WHAT THE TASK REQUIRES:
Copy the records below exactly, starting at the line that contains "Serene Blue Dragonfly" and ending at the line that contains "Chem 91 - THE CALI CONNECTION - 1"; leave out any pictures.
• • • • • • •
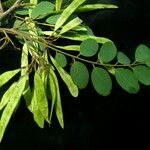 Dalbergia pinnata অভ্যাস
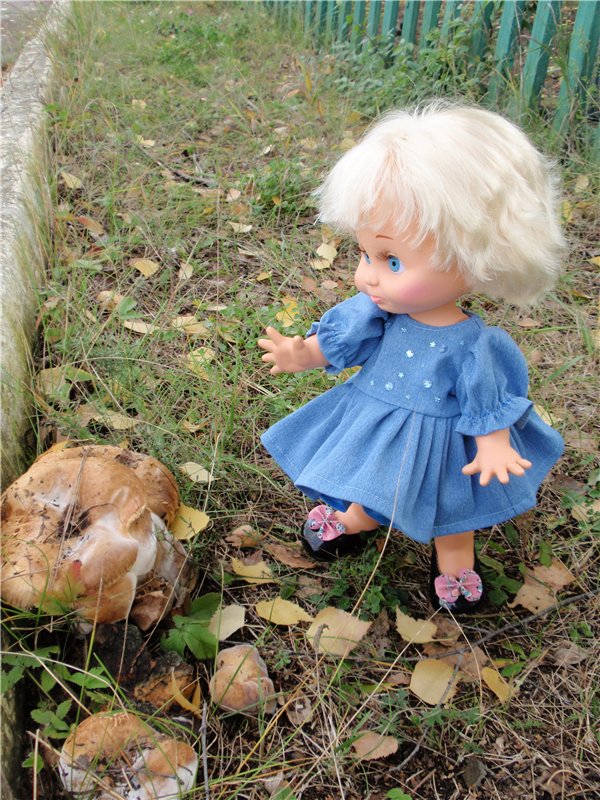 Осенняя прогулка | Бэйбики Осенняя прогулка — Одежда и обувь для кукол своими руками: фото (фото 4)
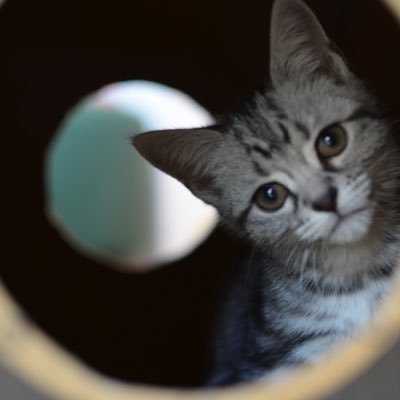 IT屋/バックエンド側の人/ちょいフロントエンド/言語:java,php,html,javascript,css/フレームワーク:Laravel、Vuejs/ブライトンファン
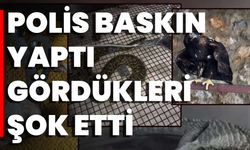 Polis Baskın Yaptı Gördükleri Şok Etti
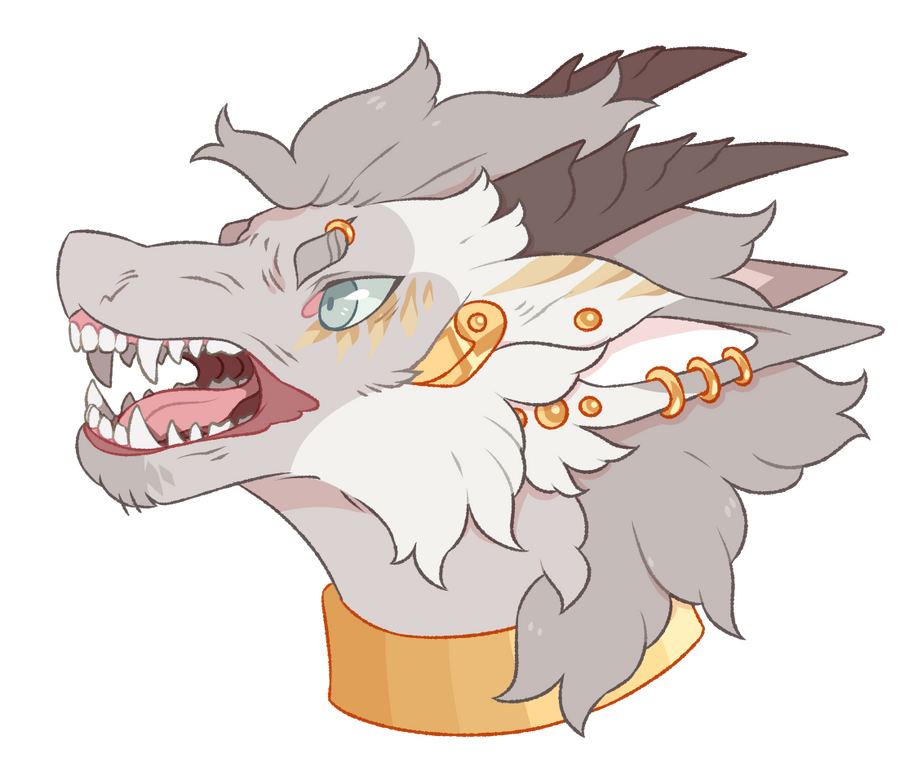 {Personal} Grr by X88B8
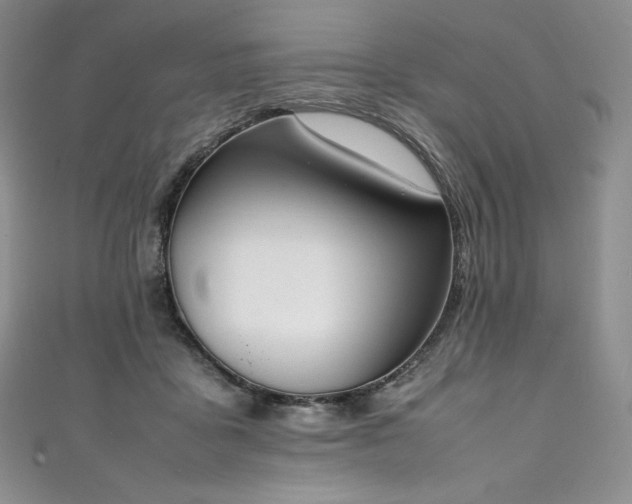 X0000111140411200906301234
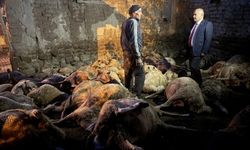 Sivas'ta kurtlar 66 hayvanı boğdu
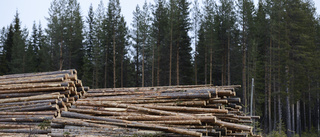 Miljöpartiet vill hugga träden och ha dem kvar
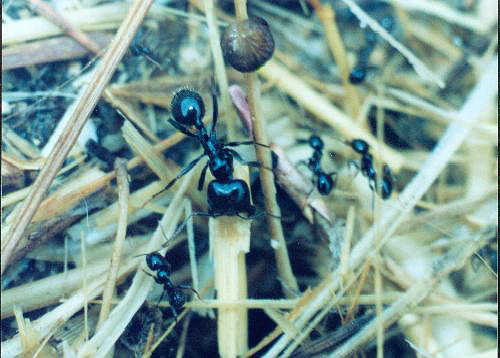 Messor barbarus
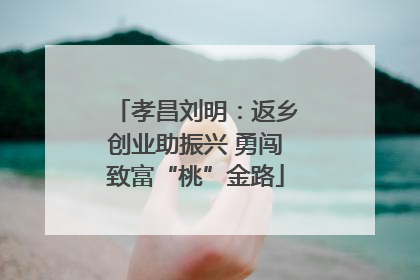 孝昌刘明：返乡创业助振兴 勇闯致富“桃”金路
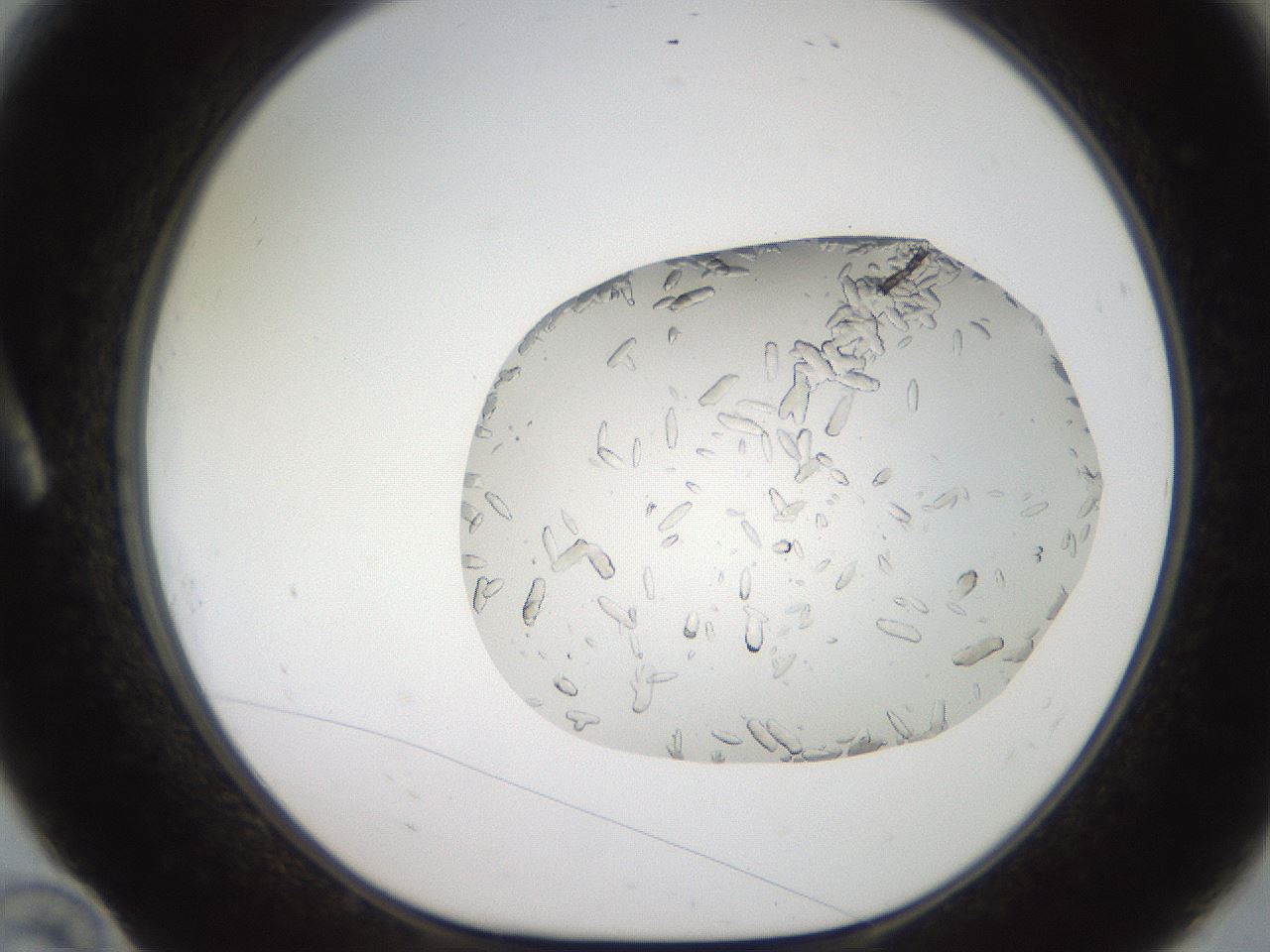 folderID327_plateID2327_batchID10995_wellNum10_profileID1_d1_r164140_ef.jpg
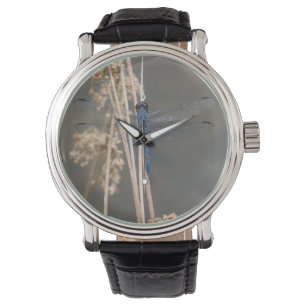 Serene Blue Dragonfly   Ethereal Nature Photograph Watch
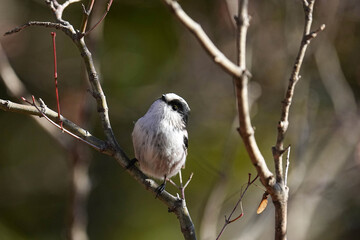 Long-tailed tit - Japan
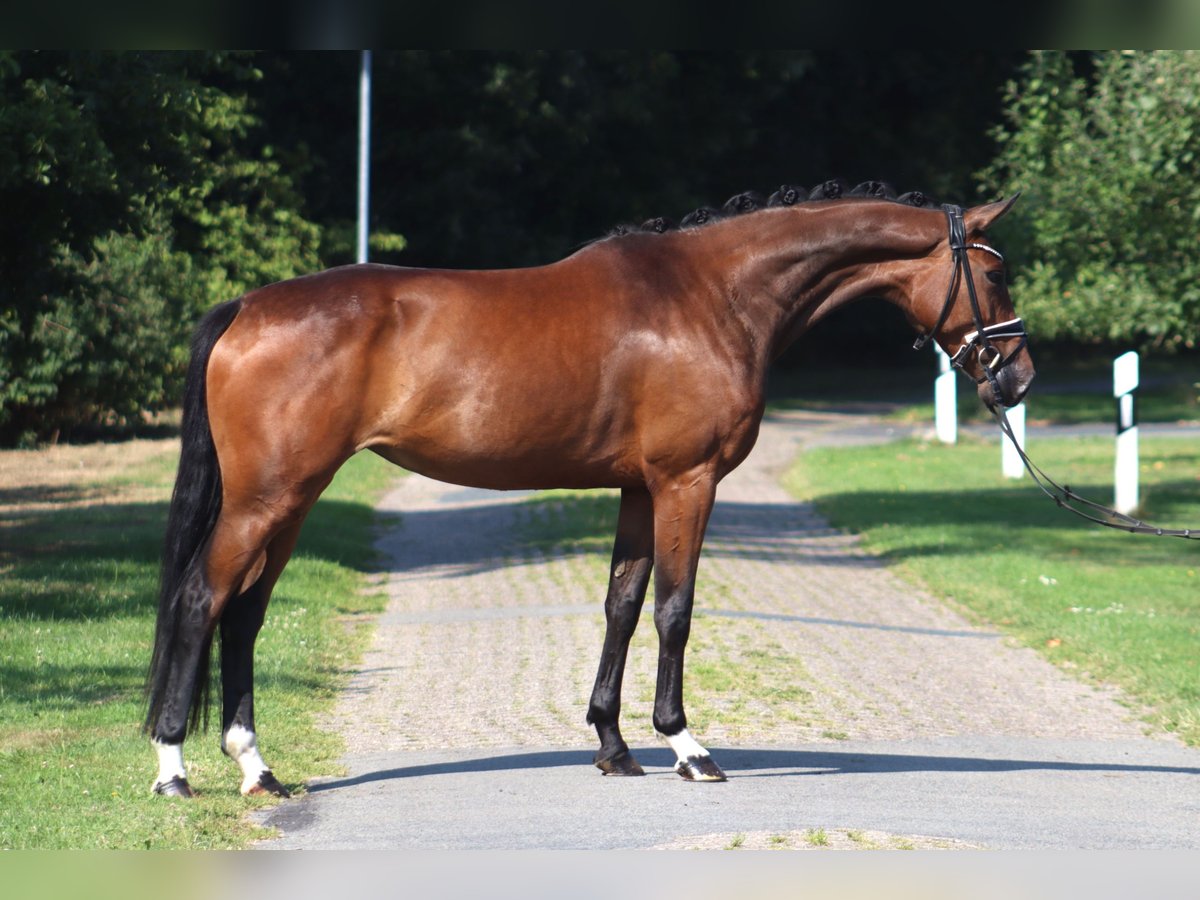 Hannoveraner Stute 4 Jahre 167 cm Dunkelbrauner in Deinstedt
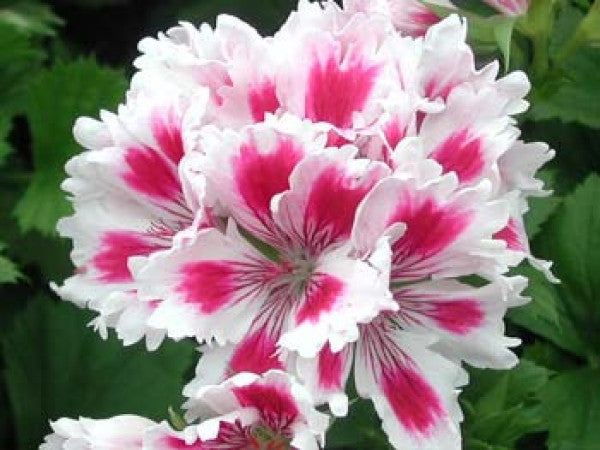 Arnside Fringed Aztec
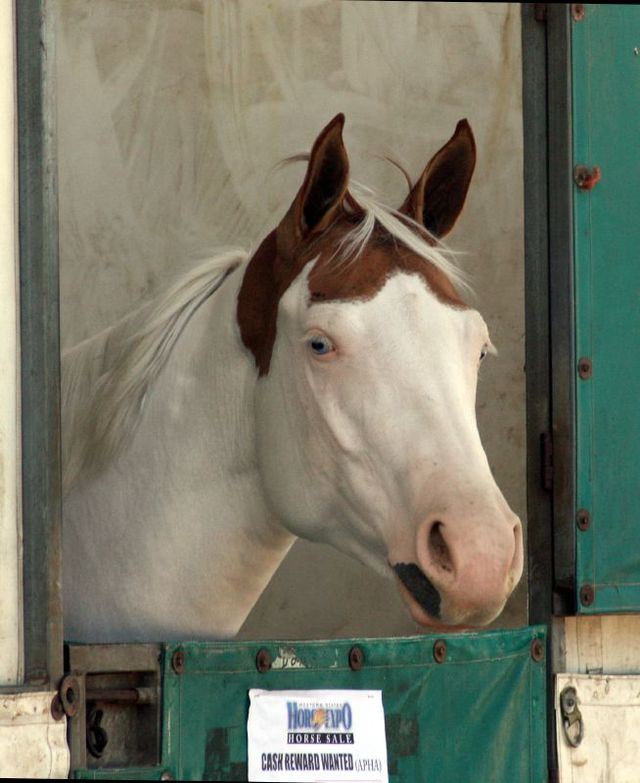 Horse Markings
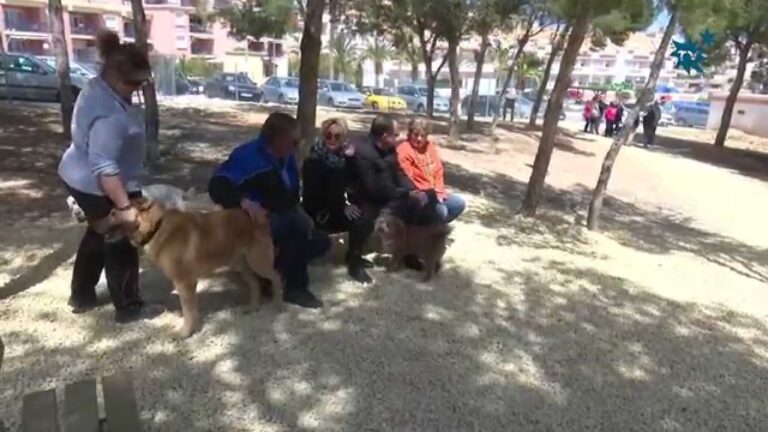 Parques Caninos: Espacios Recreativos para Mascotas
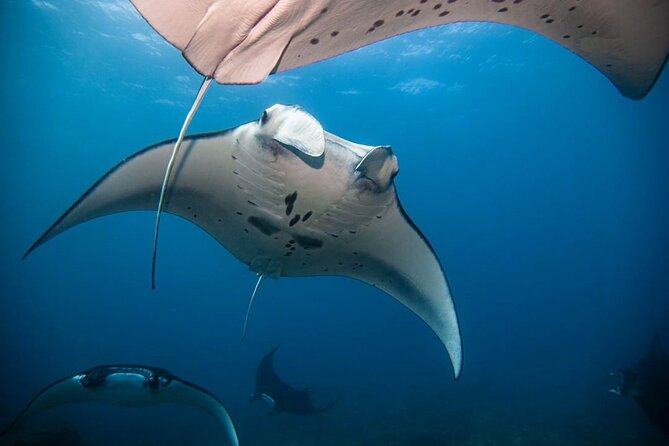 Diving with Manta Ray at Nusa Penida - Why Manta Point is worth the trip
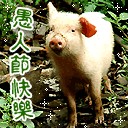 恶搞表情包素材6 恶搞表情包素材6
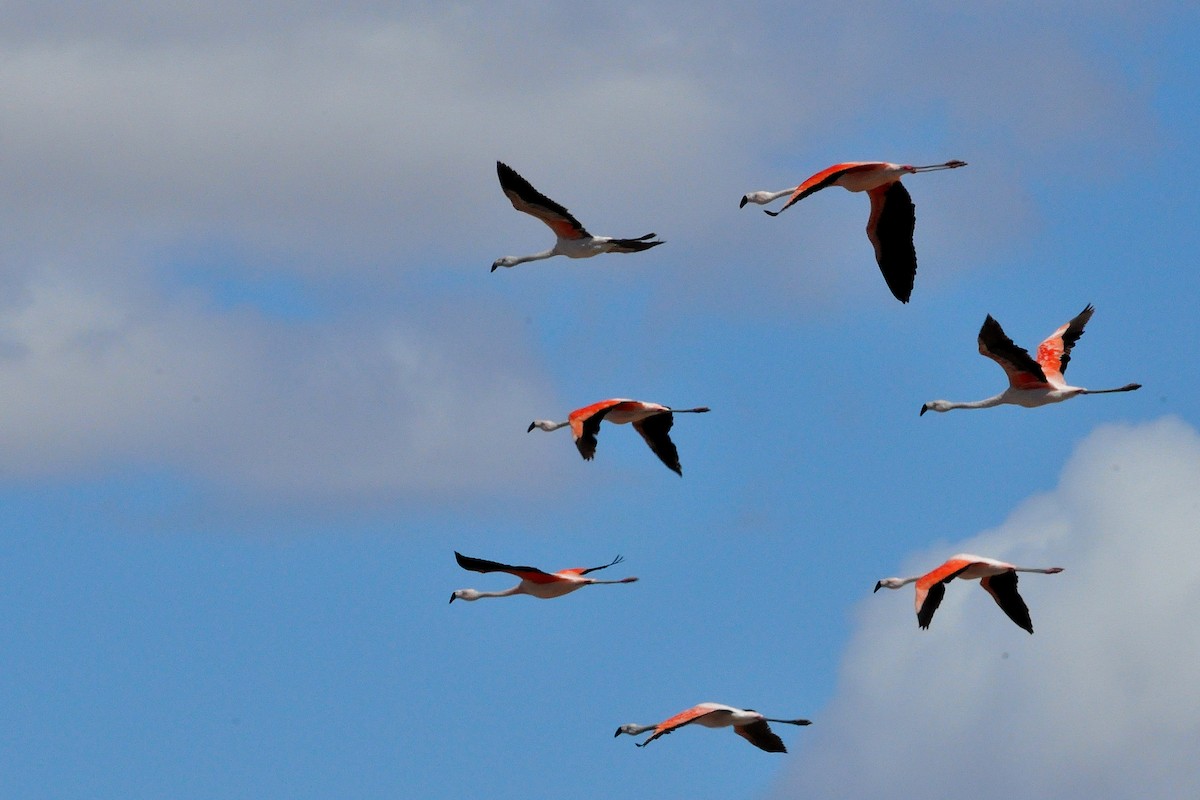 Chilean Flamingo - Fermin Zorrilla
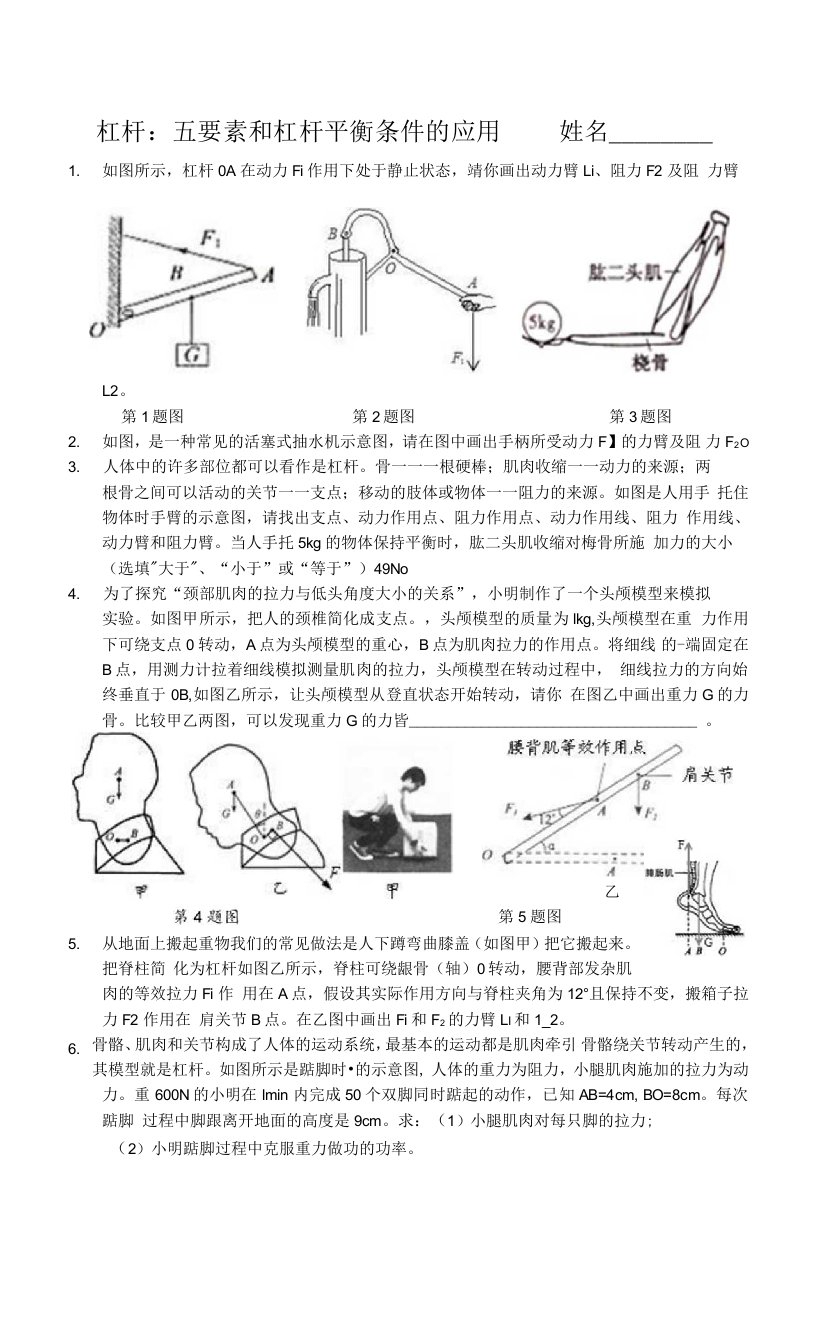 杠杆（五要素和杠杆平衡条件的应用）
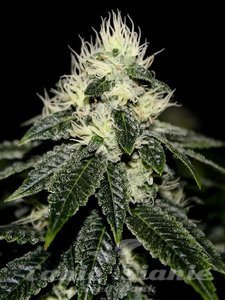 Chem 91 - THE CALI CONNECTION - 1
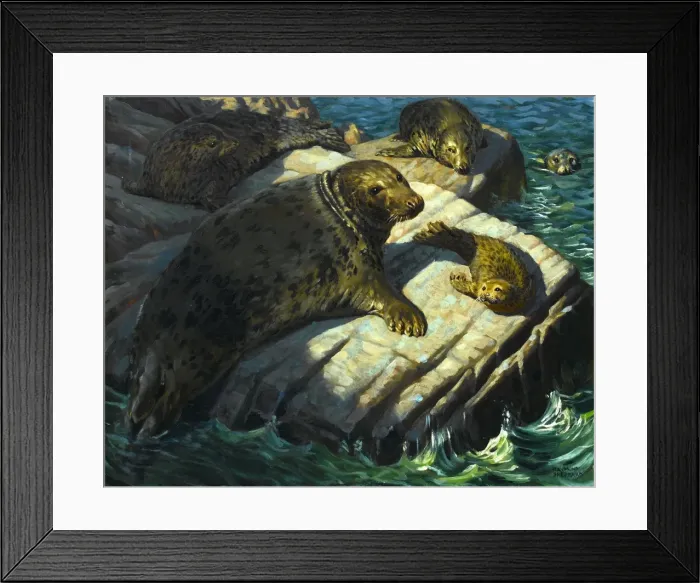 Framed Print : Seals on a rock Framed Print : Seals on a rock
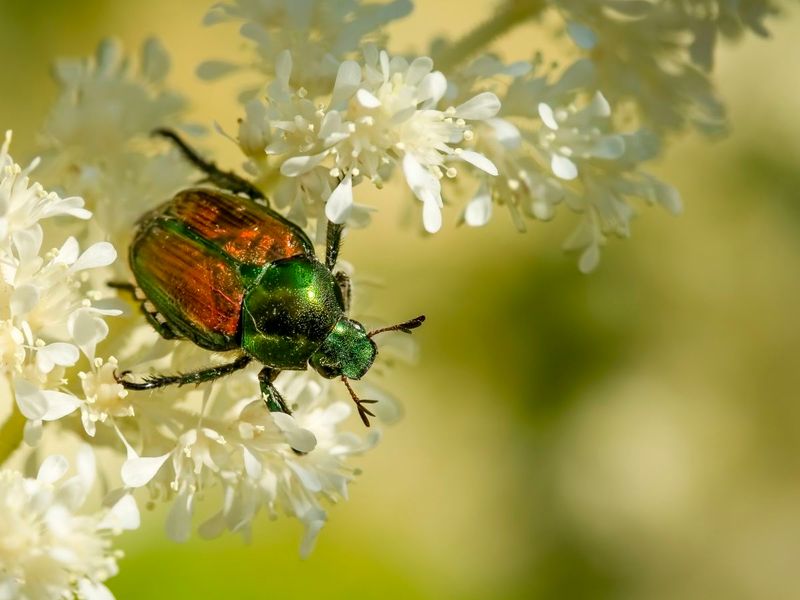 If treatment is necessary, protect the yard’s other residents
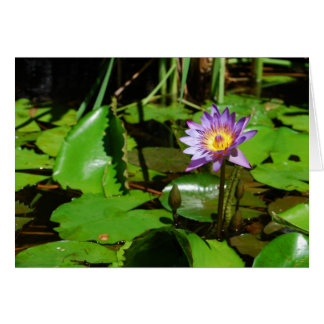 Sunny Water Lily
• • • • • • •
RESULT BELOW:
 Serene Blue Dragonfly   Ethereal Nature Photograph Watch
 Long-tailed tit - Japan
 Hannoveraner Stute 4 Jahre 167 cm Dunkelbrauner in Deinstedt
 Arnside Fringed Aztec
 Horse Markings
 Parques Caninos: Espacios Recreativos para Mascotas
 Diving with Manta Ray at Nusa Penida - Why Manta Point is worth the trip
 恶搞表情包素材6 恶搞表情包素材6
 Chilean Flamingo - Fermin Zorrilla
 杠杆（五要素和杠杆平衡条件的应用）
 Chem 91 - THE CALI CONNECTION - 1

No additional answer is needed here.